A (biased) selection:

* **[FastText](https://arxiv.org/abs/1607.04606)** embeddings (Bojanowski et al., 2016): from subword characters (vectors are built from vectors of substrings of characters contained in it)
* **[ELMo](https://arxiv.org/pdf/1802.05365.pdf)** (Peters et al., 2018): deep *contextualized* word representation

## Method 2 (traditional): Count! (aka Count-based methods)

We can represent the "company" of a word in terms of a **word context (word co-occurence) matrix**. On the rows we have the words, on the columns their context.

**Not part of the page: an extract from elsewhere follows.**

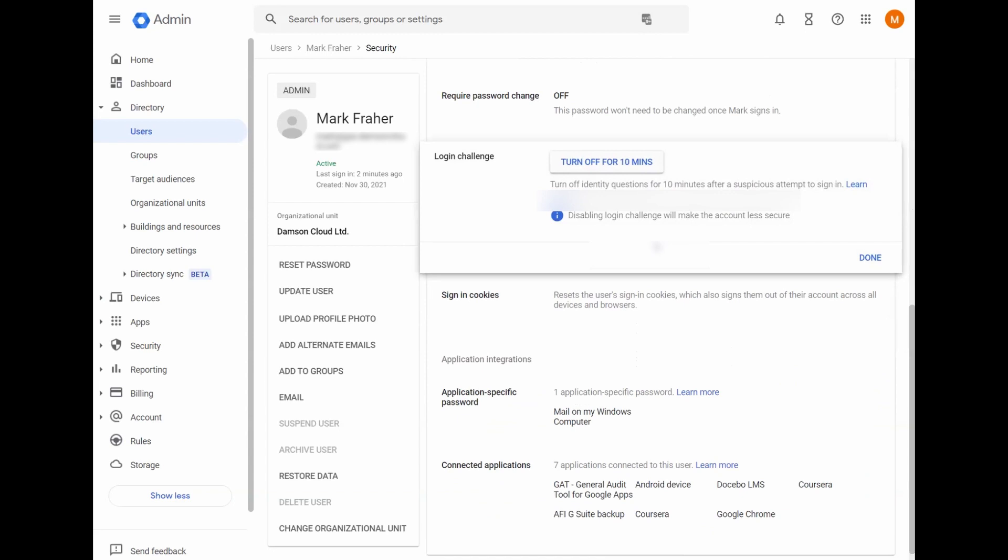So if for some reason, if you sign in from a new location, you'll normally get a login challenge. Login challenge is basically just to verify that you are the correct person or the valid person to access the account. And sometimes you could get locked out of your account because of that.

**Contexts** can be of different types, for example:
* entire documents
* paragraphs
* a window around the word


Getting word vectors of by count-based method:

* Create the word-context matrix (count how often word appears in context)
* Maybe weight the counts (e.g., PMI or tf-idf
* Typically reduce dimensions using SVD

What you get: a vector representation of each word; can measure the closeness of words in this resulting *word vector space*

### Co-occurence matrix

* **dimensionality**: number of words $|V|$ (size of vocabulary) times number of documents (typically number of documents is huge)
* we want to **reduce** its dimensionality

### LSA - Latent Semantic Analysis (Singular Value Decomposition - SVD)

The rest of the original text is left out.